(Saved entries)
>>>>
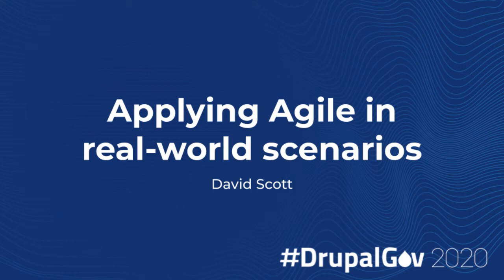We've now got David Scott who's talking about applying agile in real-world scenarios. Elisa apparently was going to jointly present it but she's had to be a late withdrawal unfortunately. Uptake of agile methodologies in government is certainly a growing area, and I think it'll be interesting to talk about particularly applying that in that risk-averse government context as well.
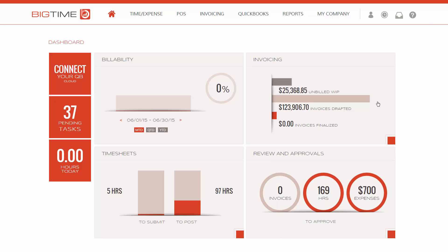Hello everyone, we're going to show you how to connect to QuickBooks Online from the BigTime application.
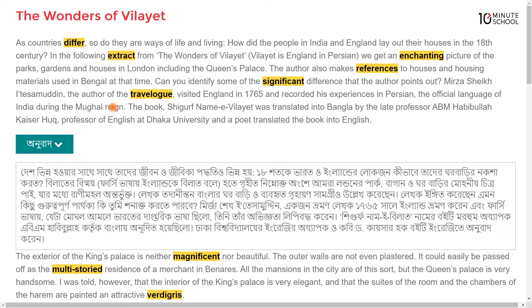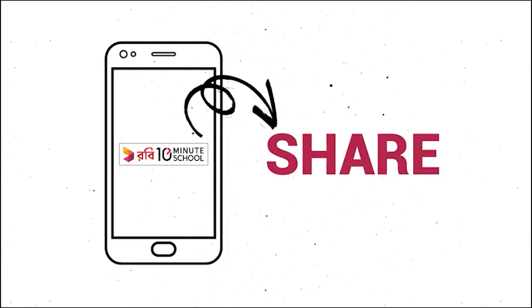The book Shigarv Namii Viliyat was translated into Bangla by the late Professor A.B.M. Habibullah Kaiser Haug. The book was also translated into English.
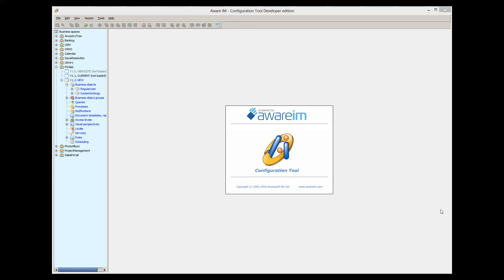In this tutorial, I will explain how to work with images in AwareM: how to upload them, view them, and how to use them in queries and forms.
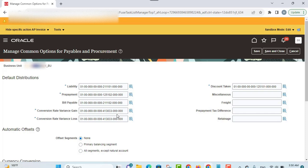Another default account provided here is the discount taken account — this is a discount taken on payment if you allocate discounts to a single distribution. You can also provide an account for miscellaneous charge distribution. For invoice lines with the type of miscellaneous, this account is used; if you don't specify a value, miscellaneous charges are prorated across invoice item lines.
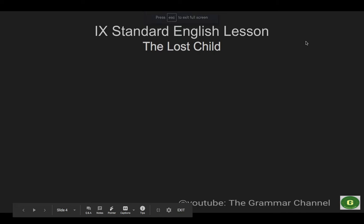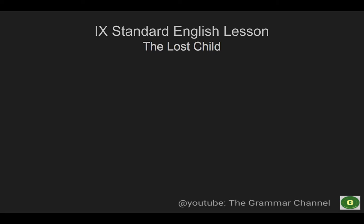Hi viewers, welcome to the grammar channel. Today we are going to learn about the lesson The Lost Child.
<<<<
● What the task asks
The copy should start at the line that contains "Hello everyone, we're", end at the last line of the entries above, and match each line exactly, with pictures dropped.

● Task result
Hello everyone, we're going to show you how to connect to QuickBooks Online from the BigTime application.
The book Shigarv Namii Viliyat was translated into Bangla by the late Professor A.B.M. Habibullah Kaiser Haug. The book was also translated into English.
In this tutorial, I will explain how to work with images in AwareM: how to upload them, view them, and how to use them in queries and forms.
Another default account provided here is the discount taken account — this is a discount taken on payment if you allocate discounts to a single distribution. You can also provide an account for miscellaneous charge distribution. For invoice lines with the type of miscellaneous, this account is used; if you don't specify a value, miscellaneous charges are prorated across invoice item lines.
Hi viewers, welcome to the grammar channel. Today we are going to learn about the lesson The Lost Child.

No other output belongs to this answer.